On Tuesday, President Goodluck Jonathan put petroleum resources minister Diezani Alison-Madueke’s name forward to become the next Secretary General of the Organisation of Petroleum Exporting Countries (OPEC.). The present scribe of the Vienna-based oil cartel, Libya’s Abdalla Salem al-Badri, who has held the job for many years, is not likely to secure another term after the current one expires in December. This is due to strong opposition from Iran and Saudi Arabia.
The Nigerian government’s decision to present Alison-Madueke, already the organisation’s alternate president since December last year, was to achieve two purposes: prevent an open power struggle at the OPEC Secretariat which would, in all probability, send oil price nose-diving, and to give the embittered Nigerian oil minister, facing a fraud investigation by lawmakers at home, a kind of soft-landing. However, neither objective was achieved as delegates to the 165th OPEC ministerial meeting opted for their own way of dealing with imminent vacancy at the Secretariat. What they decided was to grant al-Badri a six-month tenure extension that would keep him in office till June next year.

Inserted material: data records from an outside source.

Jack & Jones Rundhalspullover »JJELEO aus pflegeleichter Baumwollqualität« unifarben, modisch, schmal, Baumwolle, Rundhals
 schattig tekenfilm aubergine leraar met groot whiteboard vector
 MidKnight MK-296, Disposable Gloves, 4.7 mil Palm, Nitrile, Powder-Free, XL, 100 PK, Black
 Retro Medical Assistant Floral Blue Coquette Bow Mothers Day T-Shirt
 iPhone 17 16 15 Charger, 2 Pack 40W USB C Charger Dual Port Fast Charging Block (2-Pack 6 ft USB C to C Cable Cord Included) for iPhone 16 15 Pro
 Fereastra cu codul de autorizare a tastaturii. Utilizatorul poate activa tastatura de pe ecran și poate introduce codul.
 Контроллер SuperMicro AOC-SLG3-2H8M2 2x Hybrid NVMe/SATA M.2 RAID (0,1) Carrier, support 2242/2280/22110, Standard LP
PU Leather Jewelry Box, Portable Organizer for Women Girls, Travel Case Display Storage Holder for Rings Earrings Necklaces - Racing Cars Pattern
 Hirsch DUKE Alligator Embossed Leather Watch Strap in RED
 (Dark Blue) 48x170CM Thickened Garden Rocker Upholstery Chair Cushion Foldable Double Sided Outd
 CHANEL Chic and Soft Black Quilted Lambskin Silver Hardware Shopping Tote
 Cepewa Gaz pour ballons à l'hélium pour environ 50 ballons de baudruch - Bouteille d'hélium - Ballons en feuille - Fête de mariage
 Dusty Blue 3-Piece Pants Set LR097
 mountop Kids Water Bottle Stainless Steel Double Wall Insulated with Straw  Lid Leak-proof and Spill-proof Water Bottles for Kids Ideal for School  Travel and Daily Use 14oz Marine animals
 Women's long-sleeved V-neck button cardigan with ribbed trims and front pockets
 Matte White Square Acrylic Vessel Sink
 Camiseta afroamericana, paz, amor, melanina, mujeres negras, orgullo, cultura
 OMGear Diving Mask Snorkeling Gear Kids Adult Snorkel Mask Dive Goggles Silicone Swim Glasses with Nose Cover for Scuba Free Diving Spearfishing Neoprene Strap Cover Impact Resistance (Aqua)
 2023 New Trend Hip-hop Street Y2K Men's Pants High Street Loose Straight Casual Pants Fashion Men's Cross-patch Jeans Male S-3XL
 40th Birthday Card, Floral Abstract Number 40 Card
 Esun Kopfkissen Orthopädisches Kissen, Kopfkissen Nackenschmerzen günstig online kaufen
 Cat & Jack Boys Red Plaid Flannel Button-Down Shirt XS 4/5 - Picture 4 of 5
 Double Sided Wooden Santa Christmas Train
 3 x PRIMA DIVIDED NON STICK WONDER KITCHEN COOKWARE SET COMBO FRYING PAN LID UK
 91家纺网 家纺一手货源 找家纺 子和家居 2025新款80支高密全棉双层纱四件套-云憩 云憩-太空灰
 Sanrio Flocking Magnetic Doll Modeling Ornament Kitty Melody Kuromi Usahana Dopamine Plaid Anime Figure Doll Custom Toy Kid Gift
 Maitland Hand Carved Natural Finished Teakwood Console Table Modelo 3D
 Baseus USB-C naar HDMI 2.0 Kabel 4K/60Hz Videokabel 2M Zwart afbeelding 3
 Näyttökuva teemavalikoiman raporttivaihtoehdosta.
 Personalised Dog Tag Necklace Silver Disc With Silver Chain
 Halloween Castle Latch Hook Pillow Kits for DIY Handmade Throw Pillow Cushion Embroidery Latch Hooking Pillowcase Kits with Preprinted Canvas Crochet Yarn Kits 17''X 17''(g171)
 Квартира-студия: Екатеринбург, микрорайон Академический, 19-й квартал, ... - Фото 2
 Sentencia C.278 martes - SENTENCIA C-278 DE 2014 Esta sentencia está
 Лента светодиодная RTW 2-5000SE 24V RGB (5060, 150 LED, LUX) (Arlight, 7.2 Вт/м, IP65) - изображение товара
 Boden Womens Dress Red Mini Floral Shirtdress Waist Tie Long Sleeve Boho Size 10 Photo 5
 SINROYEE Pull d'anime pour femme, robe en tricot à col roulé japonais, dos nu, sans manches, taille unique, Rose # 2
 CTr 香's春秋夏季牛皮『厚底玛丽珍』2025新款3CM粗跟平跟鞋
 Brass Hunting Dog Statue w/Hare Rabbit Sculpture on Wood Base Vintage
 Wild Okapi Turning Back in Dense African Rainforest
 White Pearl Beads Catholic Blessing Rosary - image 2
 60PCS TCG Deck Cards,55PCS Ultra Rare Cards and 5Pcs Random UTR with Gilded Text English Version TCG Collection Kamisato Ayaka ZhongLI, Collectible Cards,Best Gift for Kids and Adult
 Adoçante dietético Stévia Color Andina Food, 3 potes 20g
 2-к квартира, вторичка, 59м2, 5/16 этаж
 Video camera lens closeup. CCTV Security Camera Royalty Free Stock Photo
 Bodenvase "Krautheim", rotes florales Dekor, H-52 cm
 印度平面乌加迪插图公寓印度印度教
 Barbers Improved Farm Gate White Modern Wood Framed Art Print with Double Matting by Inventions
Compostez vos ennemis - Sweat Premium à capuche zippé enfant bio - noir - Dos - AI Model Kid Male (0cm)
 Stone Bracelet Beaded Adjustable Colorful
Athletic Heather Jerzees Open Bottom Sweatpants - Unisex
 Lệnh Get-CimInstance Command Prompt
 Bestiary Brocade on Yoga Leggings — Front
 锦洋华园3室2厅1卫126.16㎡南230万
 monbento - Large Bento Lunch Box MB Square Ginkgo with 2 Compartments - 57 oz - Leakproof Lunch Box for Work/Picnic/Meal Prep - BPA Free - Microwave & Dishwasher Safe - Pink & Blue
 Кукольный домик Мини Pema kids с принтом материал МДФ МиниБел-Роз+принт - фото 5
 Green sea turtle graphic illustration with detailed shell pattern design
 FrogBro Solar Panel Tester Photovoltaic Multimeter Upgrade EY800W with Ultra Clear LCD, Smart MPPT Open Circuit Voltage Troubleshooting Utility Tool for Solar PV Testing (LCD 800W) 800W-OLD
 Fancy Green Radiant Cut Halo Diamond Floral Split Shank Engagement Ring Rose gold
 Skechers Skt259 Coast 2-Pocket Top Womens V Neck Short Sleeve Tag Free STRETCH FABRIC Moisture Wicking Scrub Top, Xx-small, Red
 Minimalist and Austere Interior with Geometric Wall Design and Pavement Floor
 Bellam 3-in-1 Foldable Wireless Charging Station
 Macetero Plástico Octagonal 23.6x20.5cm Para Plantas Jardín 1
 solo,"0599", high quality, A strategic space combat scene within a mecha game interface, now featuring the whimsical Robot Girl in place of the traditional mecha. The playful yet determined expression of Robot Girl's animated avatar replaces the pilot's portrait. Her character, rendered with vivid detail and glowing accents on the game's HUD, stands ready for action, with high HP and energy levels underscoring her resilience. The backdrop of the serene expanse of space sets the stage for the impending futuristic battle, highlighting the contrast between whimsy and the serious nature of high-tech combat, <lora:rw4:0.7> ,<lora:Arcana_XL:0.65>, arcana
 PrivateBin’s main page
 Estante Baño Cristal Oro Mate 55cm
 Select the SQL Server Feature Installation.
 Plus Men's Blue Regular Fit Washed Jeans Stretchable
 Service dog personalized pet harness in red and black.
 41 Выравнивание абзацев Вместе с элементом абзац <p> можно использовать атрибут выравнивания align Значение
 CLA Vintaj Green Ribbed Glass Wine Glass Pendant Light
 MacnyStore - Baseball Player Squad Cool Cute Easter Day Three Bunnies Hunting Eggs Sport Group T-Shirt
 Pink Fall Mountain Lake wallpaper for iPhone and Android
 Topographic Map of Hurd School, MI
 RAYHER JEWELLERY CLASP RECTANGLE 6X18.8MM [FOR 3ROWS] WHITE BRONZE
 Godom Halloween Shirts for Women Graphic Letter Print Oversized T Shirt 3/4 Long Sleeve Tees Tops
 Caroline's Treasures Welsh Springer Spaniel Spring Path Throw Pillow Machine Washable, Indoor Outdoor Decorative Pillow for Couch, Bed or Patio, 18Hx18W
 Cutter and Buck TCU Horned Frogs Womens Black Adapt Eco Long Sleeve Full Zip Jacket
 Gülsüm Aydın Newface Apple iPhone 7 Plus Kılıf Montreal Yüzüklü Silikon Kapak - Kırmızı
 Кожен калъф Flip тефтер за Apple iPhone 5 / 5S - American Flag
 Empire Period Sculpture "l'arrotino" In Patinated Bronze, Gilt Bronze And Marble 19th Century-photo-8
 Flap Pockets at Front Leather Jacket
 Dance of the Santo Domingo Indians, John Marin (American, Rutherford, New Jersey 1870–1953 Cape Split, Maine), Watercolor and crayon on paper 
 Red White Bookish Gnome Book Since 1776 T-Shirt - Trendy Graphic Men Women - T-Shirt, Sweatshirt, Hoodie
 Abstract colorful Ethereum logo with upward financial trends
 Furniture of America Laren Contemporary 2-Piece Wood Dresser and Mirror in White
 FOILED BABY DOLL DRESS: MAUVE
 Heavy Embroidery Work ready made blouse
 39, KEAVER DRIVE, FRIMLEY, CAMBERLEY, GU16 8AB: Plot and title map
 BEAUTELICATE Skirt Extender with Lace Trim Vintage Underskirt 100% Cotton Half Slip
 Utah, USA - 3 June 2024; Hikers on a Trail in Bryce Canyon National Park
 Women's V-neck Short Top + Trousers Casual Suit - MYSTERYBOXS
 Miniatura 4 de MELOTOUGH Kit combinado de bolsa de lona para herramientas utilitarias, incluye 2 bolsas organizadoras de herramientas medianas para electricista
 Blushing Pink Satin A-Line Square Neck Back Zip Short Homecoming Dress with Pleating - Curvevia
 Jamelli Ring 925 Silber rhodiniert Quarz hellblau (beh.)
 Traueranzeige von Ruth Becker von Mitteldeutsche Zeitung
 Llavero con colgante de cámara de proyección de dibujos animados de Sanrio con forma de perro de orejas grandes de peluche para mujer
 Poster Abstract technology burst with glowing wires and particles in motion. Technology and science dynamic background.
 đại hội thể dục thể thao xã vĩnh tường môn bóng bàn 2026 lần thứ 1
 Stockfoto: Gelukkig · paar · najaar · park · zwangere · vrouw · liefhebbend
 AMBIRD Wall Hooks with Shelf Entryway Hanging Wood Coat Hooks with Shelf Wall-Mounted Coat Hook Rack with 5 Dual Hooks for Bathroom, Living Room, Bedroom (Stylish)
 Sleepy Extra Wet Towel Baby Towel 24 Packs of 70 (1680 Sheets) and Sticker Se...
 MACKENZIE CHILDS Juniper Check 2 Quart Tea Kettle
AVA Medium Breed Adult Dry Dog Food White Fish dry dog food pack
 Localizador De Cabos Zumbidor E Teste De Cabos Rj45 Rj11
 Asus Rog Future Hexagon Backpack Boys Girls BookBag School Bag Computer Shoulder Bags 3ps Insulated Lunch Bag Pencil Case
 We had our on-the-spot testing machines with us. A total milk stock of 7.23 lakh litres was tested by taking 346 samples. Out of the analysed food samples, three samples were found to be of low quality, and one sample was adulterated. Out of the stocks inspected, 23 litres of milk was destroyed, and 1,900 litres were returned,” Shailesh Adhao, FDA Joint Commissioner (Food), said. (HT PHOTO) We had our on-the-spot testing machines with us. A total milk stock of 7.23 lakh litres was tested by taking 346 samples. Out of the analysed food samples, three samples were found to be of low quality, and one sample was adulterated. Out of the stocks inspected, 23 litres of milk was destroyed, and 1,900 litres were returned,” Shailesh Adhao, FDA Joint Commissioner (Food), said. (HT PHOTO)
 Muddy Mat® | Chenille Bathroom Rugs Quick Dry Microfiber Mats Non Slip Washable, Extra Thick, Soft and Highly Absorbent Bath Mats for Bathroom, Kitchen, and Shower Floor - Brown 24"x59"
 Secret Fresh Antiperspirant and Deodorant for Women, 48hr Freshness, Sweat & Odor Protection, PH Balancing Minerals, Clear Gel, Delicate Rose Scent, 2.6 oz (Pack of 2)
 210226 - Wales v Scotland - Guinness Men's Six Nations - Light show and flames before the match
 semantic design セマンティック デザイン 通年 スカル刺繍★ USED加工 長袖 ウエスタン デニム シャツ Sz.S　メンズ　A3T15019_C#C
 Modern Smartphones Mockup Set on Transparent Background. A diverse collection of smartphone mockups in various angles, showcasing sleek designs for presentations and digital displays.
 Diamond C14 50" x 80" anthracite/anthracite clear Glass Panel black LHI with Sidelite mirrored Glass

There was no official explanation why that decision was taken, which was an undisguised snub to the Nigerian leadership. Alison-Madueke would have been the second Nigerian Secretary General of OPEC, after Rilwanu Lukman who held the post for five years, 1995-2000. However, it was clear that delegates were embarrassed by a petition against her and loud protests against her nomination when the meeting got under way on Wednesday. Both were spearheaded by one Blessing Agbomhere, a Nigerian director of Gatekeepers Nigeria. His petition was about the reported missing $20 billion oil money at the NNPC which was investigated by the Nigerian Senate last month. The House of Representatives is investigating another allegation that Alison-Madueke squandered N10bn on acquiring a jet for her private comfort.
Explaining his petition to a Nigerian newspaper correspondent at the venue of the OPEC meeting, Agbomhere, said, “I wrote a petition which I distributed to delegates at the conference; how could they nominate like her as the Secretary General? She should, at least, tell where the missing money went”. He said he was attacked by the minister’s aides and the Austrian police asked him to leave the venue of the meeting eventually. However, he did achieve his him of stalling Alison-Madueke’s appointment, even if it will be for a year only. President Jonathan, we are told, is bent on representing her name in June 2015.
President Jonathan is notorious for his obduracy in protecting his own, even when confronted with barefaced corruption cases against them. Fighting corruption will not be part of his suit, this much he has made clear. Well, he may choose to ignore his honest country men and women, but the outside world is certain to take notice, as his snub by OPEC delegates has shown.